En el Albayzín, el más conocido corral, fue la Casa de la Lona. En su origen era una casa morisca, que en 1639 se amplió y se transformó en corral de vecinos, quizás el más grande con el que haya contado la ciudad. El edificio fue derribado en 1978, tras su desalojo como casa de vecinos, y permanecer varios años en estado ruinoso, sufriendo un saqueo y desmantelamiento sistemático. Las fotografías nos muestran un edificio que se estructuraba en torno a un patio muy alargado, con un aljibe construido sobre la alberca de la antigua casa morisca. El cuerpo del edificio que se disponía a oriente constituía su parte más homogénea. Esta zona, junto con el costado sur, daba al edificio su característica imagen de corral. Se trataba de una nave larga, con dos pisos de altura en casi todo su desarrollo, aunque en su extremo septentrional llegaba a alcanzar los tres (García y Martín 1975, 148). Este corral no contaba con lavaderos específicos como tal. Las mujeres tomarían el agua del aljibe, y posteriormente lavarían sobre lebrillos o barreños en el patio, a la manera que se hacía en otras muchas corralas y casas de vecinos. Las postales antiguas que disponemos de este edificio, nos ofrecen una visión de las galerías de acceso a las viviendas completamente repletas de ropa tendida sobre cuerdas entre los pies derechos (Figura 07).

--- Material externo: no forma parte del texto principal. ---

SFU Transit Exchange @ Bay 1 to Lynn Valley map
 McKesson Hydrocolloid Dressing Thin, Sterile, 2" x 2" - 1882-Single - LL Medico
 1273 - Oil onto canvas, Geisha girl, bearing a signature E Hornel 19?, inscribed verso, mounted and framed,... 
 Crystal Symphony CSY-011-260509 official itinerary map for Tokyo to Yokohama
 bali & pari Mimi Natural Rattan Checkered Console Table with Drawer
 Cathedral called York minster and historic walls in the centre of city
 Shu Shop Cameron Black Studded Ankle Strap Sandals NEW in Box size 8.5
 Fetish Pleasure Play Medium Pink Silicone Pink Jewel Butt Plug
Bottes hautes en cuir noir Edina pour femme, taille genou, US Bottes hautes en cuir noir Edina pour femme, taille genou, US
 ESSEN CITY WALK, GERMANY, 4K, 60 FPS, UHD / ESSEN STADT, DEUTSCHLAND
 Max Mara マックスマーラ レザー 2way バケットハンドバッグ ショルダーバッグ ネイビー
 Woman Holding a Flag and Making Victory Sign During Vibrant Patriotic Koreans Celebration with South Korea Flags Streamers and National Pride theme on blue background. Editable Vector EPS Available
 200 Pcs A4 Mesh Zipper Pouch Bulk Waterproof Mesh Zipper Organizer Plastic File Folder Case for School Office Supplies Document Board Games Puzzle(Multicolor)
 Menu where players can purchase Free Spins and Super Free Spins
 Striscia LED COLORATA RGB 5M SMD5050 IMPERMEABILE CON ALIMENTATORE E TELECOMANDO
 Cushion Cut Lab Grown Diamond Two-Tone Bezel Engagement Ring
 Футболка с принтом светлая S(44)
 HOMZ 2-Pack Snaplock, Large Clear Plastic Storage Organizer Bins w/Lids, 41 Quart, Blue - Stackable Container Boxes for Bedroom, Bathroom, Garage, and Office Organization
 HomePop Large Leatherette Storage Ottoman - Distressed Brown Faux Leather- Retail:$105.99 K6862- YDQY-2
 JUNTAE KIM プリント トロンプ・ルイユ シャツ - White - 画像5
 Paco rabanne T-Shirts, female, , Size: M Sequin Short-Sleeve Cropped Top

Durante el siglo xix, el crecimiento demográfico y la pasividad de las autoridades granadinas, condujeron a una fragmentación hasta límites infrahumanos de los edificios existentes en los barrios pobres. Este proceso de compartimentación no sólo se limitó a las construcciones modestas de barrios como el Albayzín, San Lázaro o el Realejo, sino también a las antiguas casas palacio ubicadas en el centro de la ciudad, y que la nobleza había abandonado para instalarse en edificios más cómodos y modernos. El ejemplo más significativo de esta dinámica de fragmentación, lo constituye la zona delimitada por la Carrera del Darro y la calle San Juan de los Reyes, en el antiguo barrio de los Axares. Esta parte de la ciudad pasó de ser uno de los espacios más distinguidos de la ciudad, a confundirse paulatinamente con el popular barrio del Albayzín. Casas mudéjares, como la del Chapiz, o solariegas, como la de los Migueletes, que habían estado en poder de familias acomodadas, se transformaron en degradas y humildes casas de vecinos (Barrios 2015, 346-347).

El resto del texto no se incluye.